Collected material.
..............................

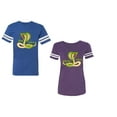 thumbnail image 1 of Cobra King Queen Unisex Couple Matching Cotton Jersey style T-Shirt Contrasting stripes on sleeves (Men Royal / Women Purple) (Men XL / Women XL), 1 of 3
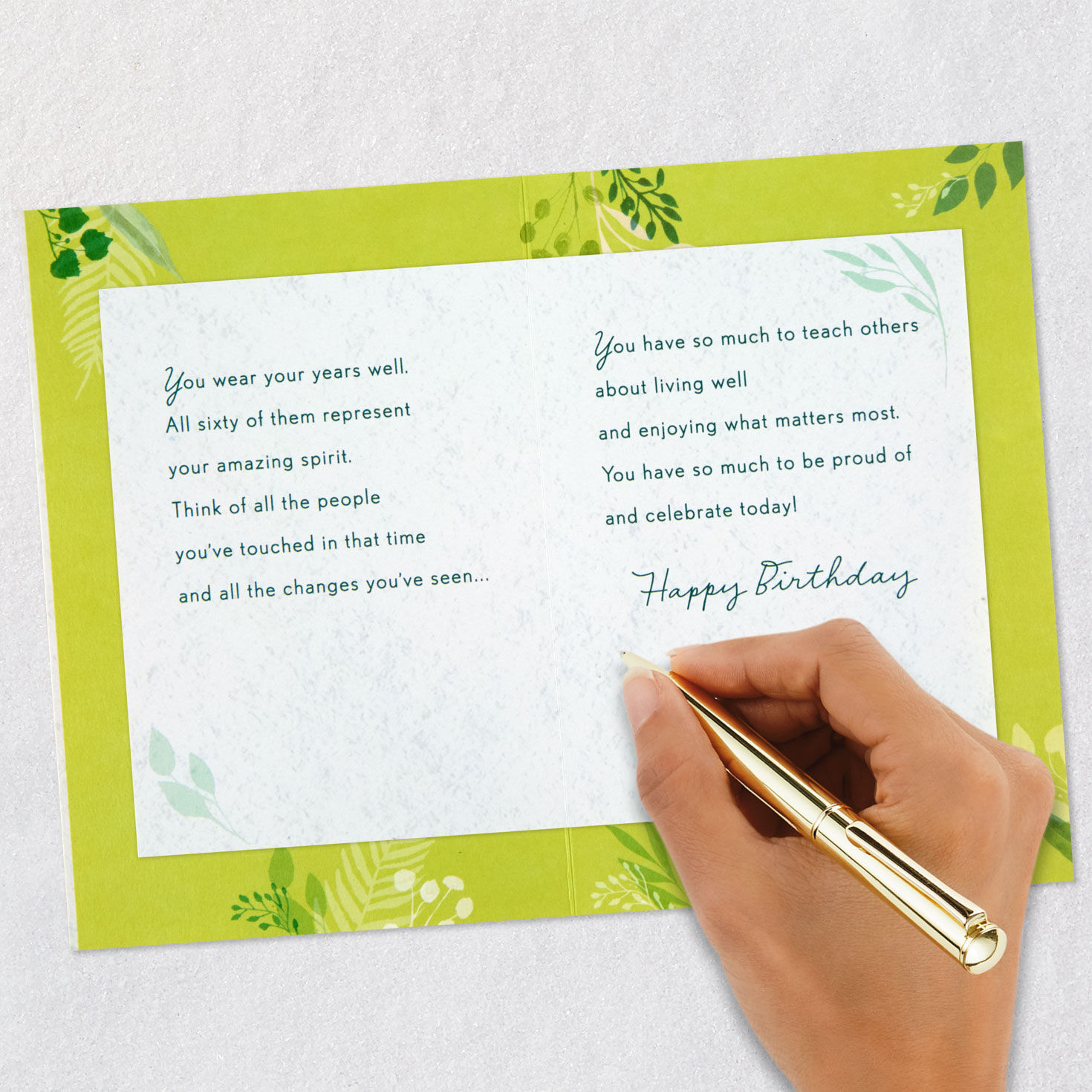 Botanical Leaves 60th Birthday Card signing card image number 7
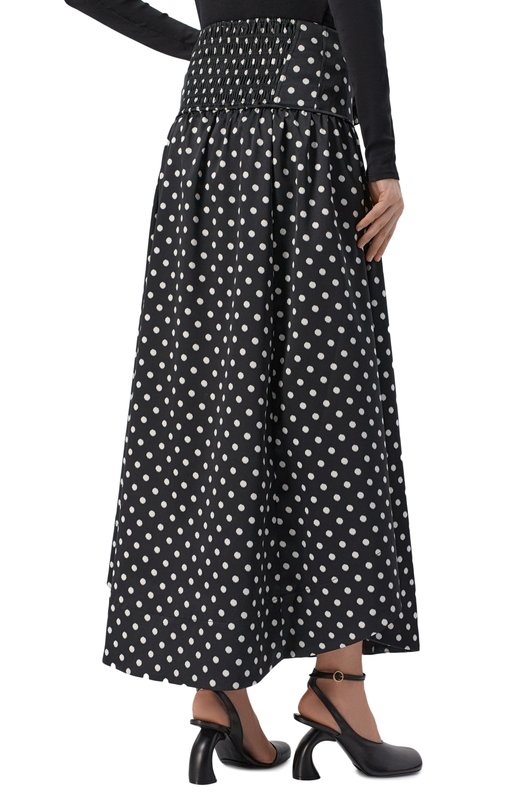 Атласная юбка Ganni A1090065 Чёрно-белый  A1090065 Фото 4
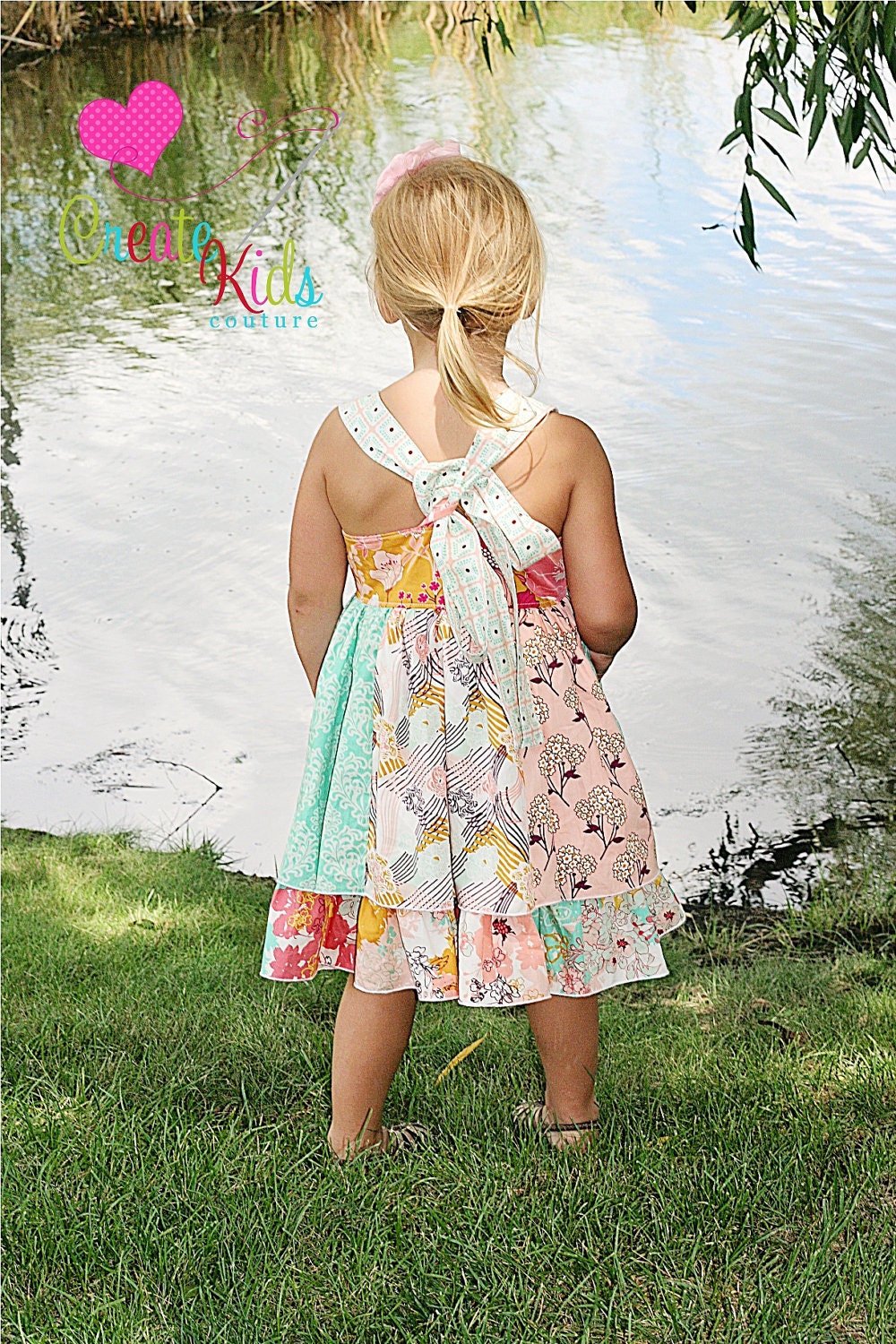 Mia's Reverse Knot Twirly Dress PDF Pattern size  6 months to size 8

..............................

Your objective. Except for the pictures, print the data above exactly.

Problem solution.
 thumbnail image 1 of Cobra King Queen Unisex Couple Matching Cotton Jersey style T-Shirt Contrasting stripes on sleeves (Men Royal / Women Purple) (Men XL / Women XL), 1 of 3
 Botanical Leaves 60th Birthday Card signing card image number 7
 Атласная юбка Ganni A1090065 Чёрно-белый  A1090065 Фото 4
 Mia's Reverse Knot Twirly Dress PDF Pattern size  6 months to size 8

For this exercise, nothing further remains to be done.